Stored entries
_ _ _ _

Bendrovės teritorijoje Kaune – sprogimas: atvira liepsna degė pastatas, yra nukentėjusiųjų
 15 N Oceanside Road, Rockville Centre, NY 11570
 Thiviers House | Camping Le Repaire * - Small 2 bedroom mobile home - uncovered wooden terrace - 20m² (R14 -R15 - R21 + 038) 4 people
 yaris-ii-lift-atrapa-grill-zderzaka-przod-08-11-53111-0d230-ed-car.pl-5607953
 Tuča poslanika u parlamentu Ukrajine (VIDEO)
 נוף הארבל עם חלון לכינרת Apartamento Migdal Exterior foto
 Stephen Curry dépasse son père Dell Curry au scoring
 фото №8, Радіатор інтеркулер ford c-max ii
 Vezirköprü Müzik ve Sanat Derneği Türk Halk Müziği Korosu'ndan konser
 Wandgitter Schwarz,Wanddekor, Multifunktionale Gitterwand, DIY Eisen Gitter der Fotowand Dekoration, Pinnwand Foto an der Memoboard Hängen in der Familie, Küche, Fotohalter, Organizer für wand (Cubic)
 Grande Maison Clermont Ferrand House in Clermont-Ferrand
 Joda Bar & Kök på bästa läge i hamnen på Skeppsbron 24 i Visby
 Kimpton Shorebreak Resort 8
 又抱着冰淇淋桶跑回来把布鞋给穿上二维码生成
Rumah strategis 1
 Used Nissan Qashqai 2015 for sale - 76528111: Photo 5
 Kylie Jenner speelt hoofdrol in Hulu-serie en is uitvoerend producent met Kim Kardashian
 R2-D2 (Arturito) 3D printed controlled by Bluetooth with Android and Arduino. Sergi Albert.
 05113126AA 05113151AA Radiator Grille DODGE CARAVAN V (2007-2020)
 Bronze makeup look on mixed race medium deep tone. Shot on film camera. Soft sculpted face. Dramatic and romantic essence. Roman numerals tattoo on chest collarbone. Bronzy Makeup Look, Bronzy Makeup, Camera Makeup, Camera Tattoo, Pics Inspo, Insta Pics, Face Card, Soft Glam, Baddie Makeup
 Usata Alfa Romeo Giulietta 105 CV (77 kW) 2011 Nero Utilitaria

_ _ _ _

Every entry above needs to be duplicated exactly.

• [Answer box]
Bendrovės teritorijoje Kaune – sprogimas: atvira liepsna degė pastatas, yra nukentėjusiųjų
 15 N Oceanside Road, Rockville Centre, NY 11570
 Thiviers House | Camping Le Repaire * - Small 2 bedroom mobile home - uncovered wooden terrace - 20m² (R14 -R15 - R21 + 038) 4 people
 yaris-ii-lift-atrapa-grill-zderzaka-przod-08-11-53111-0d230-ed-car.pl-5607953
 Tuča poslanika u parlamentu Ukrajine (VIDEO)
 נוף הארבל עם חלון לכינרת Apartamento Migdal Exterior foto
 Stephen Curry dépasse son père Dell Curry au scoring
 фото №8, Радіатор інтеркулер ford c-max ii
 Vezirköprü Müzik ve Sanat Derneği Türk Halk Müziği Korosu'ndan konser
 Wandgitter Schwarz,Wanddekor, Multifunktionale Gitterwand, DIY Eisen Gitter der Fotowand Dekoration, Pinnwand Foto an der Memoboard Hängen in der Familie, Küche, Fotohalter, Organizer für wand (Cubic)
 Grande Maison Clermont Ferrand House in Clermont-Ferrand
 Joda Bar & Kök på bästa läge i hamnen på Skeppsbron 24 i Visby
 Kimpton Shorebreak Resort 8
 又抱着冰淇淋桶跑回来把布鞋给穿上二维码生成
Rumah strategis 1
 Used Nissan Qashqai 2015 for sale - 76528111: Photo 5
 Kylie Jenner speelt hoofdrol in Hulu-serie en is uitvoerend producent met Kim Kardashian
 R2-D2 (Arturito) 3D printed controlled by Bluetooth with Android and Arduino. Sergi Albert.
 05113126AA 05113151AA Radiator Grille DODGE CARAVAN V (2007-2020)
 Bronze makeup look on mixed race medium deep tone. Shot on film camera. Soft sculpted face. Dramatic and romantic essence. Roman numerals tattoo on chest collarbone. Bronzy Makeup Look, Bronzy Makeup, Camera Makeup, Camera Tattoo, Pics Inspo, Insta Pics, Face Card, Soft Glam, Baddie Makeup
 Usata Alfa Romeo Giulietta 105 CV (77 kW) 2011 Nero Utilitaria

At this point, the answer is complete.